India is a developing economy and the rise in prices is inevitable in a developing economy. The programs of economic development generate large employment and income. These increase the demand for consumer goods and services.
There has been a sharp increase in the price of essential commodities in the past few years and is really been a matter of great concern. Inflation is a rise in prices and wages caused by an increase in the money supply and demand for goods, and services resulting in a fall in the value of money. Limited inflation contributes to economic growth. But for some time now, the level of inflation has gone far beyond acceptable limits. This has caused harassment to the common man.
The standard of living of the common people is closely linked to the nation’s economic status. Black-marketing and scarcity of essential commodities are both causes and effects of rising prices. Corrupt traders try to earn money to be indulging in malpractices. They sometimes create an artificial shortage, like in ration shops and deny the consumers their due. Corruption, in all its forms, fuel price rise.
The alarming rise in population is another factor for the rise in prices. India is the second most populated country in the world with a population of more than one billion. In spite of the considerable developments in all sectors since Independence, conditions of scarcity still prevail due to overpopulation.
The majority of the people of India belong to the poorer sections. The Government should take measures to tackle the menace of price rise at the earliest. The consumers should be guided about their right and privileges. They should be made aware of the prevalent corrupt practices. The public distribution system is strengthened. Corrupt officials should be brought to book. Effective steps should be taken to increase production in all sectors. The rise in the population should be checked to reduce the demand and pressure on our limited resources.

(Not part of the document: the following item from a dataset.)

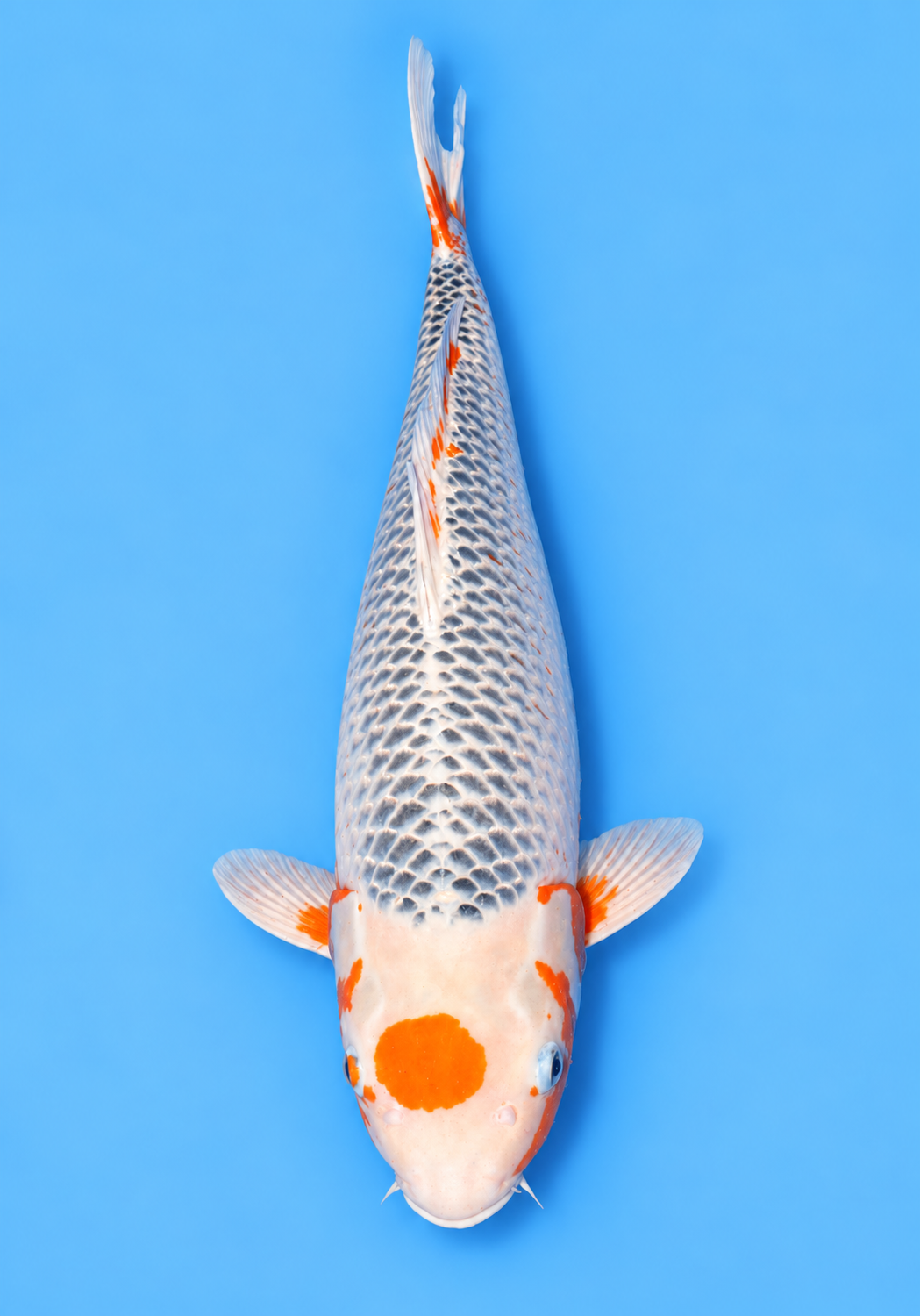 28" Maruten Asagi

The rise in prices gives rise to economic disparities. It widens the gap between the rich and the poor. Due to soaring prices, even two square meals are getting beyond the reach of the poor. A democracy cannot flourish or function in such a condition. However, some steps taken by the Central Government has given relief to the common people. Implementation of Mahatma Gandhi National Rural Employment Guarantee Act and Food Security Bill are some of the necessary steps.
There is a testimony to the fact of how the rise in prices leaves a great impact on the common man’s mind. In, 1990s, the sudden and sharp increase in the price of onions brought about the downfall of one State Government. A similar rise to the price of sugar brought down another. Continuous price hike may lead to anarchy – a complete failure of all government and official systems. Effective steps must be taken to solve the problem of price-hike. The government’s mounting administrative expenditure should be curtailed.

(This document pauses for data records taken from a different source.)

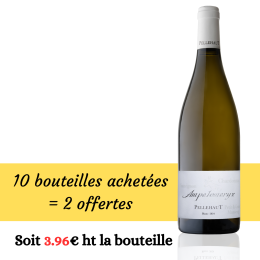 Ampélomeryx Blanc 2023 10+2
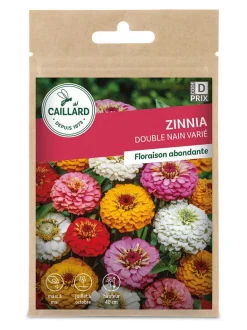 Zinnia Double Nain varié 2g CAILLARD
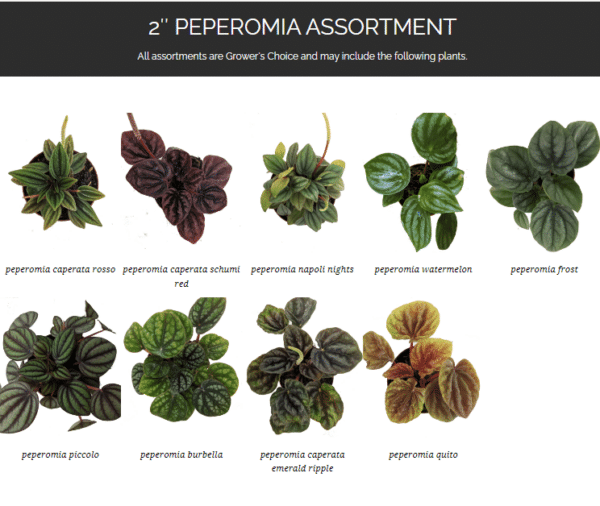 2" Peperomia Assortment - Image 2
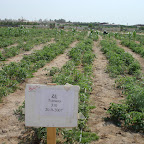 ABDALLY TRIAL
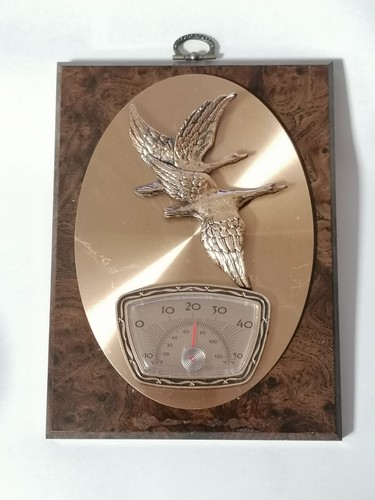 Altes thermometer - altes,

Rising prices spare neither the rich nor the poor. Rising prices have given rise to widespread distress among the fixed income groups, viz., wage earners and the salaried classes. The Central and State Government often blame each other for the rise in prices. The drop in agricultural production during the last couple of years has resulted in the shortage and non-availability of food items, which hit the economically weaker sections of the society the most.
The government aims to ensure food safety for rural household and urban areas and include both below poverty-line and above-poverty line families. Ushering in a new era in the domain of food safety, the Food Safety and Standard Act of 2006 came into force in India which will ensure prevention of fraudulent, deceptive or unfair trade practices, which harm the customer through the provision of sub-standard gains.
Food prices are cyclical in nature, and a sharp increase in food prices has been a cause of concern. A significant part of this inflation is due to supply-side bottlenecks in some of the essential commodities, precipitated by the delayed monsoon and drought conditions in some parts of the country. India cannot be immune to global price situations, especially when a significant proportion of the country’s requirement of oil is met through imports.
For food prices to stabilize or to be brought down, agriculture production would have to be given top priority. Incentives for the farmer, subsidies for fertilizer and seeds and remunerative rates for farm produce may help to increase the yield. Availability of easy loans to help mechanize the farming may also help to increase food production.
The middleman, who makes hay while the farmer suffers, may either be removed or his role minimized. Prices of food items multiply many a time when they leave the field and reach the common consumer through the street hawkers. Severe action against hoarders, who pile stocks, while the common man suffers must also be taken care. Forward trading in food items must be banned. If these steps are taken sincerely by the Central and State Governments, the common man may be spared the pangs of rising prices.